- Opening Delimiter -

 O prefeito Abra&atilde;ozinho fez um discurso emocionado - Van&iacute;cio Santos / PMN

- Closing Delimiter -
- Opening Delimiter -

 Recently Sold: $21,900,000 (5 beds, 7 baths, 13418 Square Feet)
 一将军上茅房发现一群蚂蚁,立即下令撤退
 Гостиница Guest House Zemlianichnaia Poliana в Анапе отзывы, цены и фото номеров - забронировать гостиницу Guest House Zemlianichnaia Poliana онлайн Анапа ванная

- Closing Delimiter -

▸ **INSTRUCTIONS FOR THE TASK**: As listed above, the lines from the line with "Recently Sold: $21,900,000" to the line with "Гостиница Guest House" are to be echoed exactly, with both ends included and nothing added.

▸ **REPLY TO THE TASK**:
 Recently Sold: $21,900,000 (5 beds, 7 baths, 13418 Square Feet)
 一将军上茅房发现一群蚂蚁,立即下令撤退
 Гостиница Guest House Zemlianichnaia Poliana в Анапе отзывы, цены и фото номеров - забронировать гостиницу Guest House Zemlianichnaia Poliana онлайн Анапа ванная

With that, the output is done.